Text As Data: Twitter API

In the webscraping tutorial, we harvested text directly from the HTML code of a webpage. This can be pretty laborious, so fortunately, there are some websites that provide an easier path to collecting their data, called an Application Programming Interface (API). To introduce ourselves to APIs, we’ll pull text data from Twitter using the fantastic rtweet package.
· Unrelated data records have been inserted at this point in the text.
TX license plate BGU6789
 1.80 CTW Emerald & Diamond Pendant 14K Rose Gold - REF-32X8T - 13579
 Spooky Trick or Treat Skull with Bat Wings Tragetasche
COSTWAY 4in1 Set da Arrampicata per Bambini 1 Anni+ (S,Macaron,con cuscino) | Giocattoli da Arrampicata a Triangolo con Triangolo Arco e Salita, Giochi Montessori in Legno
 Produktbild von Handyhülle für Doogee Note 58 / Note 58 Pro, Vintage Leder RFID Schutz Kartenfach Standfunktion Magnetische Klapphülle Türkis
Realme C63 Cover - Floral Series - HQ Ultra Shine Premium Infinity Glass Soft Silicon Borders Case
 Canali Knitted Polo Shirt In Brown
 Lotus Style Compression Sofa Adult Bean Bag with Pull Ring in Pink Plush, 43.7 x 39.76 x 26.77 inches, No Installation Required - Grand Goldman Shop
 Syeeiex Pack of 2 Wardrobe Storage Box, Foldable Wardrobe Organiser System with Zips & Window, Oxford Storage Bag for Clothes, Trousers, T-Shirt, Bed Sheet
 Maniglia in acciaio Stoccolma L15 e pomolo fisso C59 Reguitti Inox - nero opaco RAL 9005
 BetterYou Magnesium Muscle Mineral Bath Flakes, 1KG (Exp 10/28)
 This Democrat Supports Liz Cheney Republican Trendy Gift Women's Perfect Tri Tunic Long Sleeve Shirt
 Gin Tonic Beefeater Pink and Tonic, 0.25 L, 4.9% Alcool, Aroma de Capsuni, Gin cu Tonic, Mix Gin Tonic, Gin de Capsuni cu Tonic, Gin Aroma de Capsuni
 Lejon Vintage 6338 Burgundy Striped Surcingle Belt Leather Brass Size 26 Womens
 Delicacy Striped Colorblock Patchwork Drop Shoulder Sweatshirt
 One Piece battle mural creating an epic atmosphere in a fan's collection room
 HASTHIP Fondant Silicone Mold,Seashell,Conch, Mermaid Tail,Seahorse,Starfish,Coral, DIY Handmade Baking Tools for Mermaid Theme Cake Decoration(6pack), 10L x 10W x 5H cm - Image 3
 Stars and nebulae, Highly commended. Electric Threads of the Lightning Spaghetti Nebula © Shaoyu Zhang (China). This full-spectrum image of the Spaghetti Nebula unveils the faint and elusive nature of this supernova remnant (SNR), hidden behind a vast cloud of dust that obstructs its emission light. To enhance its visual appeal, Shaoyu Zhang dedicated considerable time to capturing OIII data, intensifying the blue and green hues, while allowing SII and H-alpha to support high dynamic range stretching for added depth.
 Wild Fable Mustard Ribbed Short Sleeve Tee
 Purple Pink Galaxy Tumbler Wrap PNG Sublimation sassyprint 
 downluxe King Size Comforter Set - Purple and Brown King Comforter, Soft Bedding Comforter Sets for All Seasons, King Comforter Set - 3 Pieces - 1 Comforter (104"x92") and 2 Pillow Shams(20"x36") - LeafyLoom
If you don’t have a Twitter account, take a moment to sign up.

Example Workflow

The following code chunk downloads the 100 most recent tweets that mention the president’s account (@potus). Then it performs a rudimentary sentiment analysis, merging it with a sentiment lexicon and counting the number of positive vs. negative words in each tweet.

library(tidyverse)
library(tidytext)
library(rtweet)

tweets <- search_tweets('@potus', n = 100)

tweets |> 
  # create a unique ID for each tweet
  mutate(ID = 1:nrow(tweets)) |> 
  # tokenize to words
  unnest_tokens(input = 'text',
                output = 'word') |> 
  # merge with sentiment lexicon
  inner_join(get_sentiments('bing')) |> 
  group_by(ID) |>
  summarize(positive_words = sum(sentiment == 'positive'),
            negative_words = sum(sentiment == 'negative'),
            tweet_sentiment = (positive_words - negative_words) / (positive_words + negative_words)) |> 
  ggplot(mapping = aes(x = tweet_sentiment)) + 
  geom_histogram(color = 'black') +
  theme_minimal() +
  labs(x = 'Tweet Sentiment', y = 'Number of Tweets',
       title = 'Sentiment of Tweets with @potus')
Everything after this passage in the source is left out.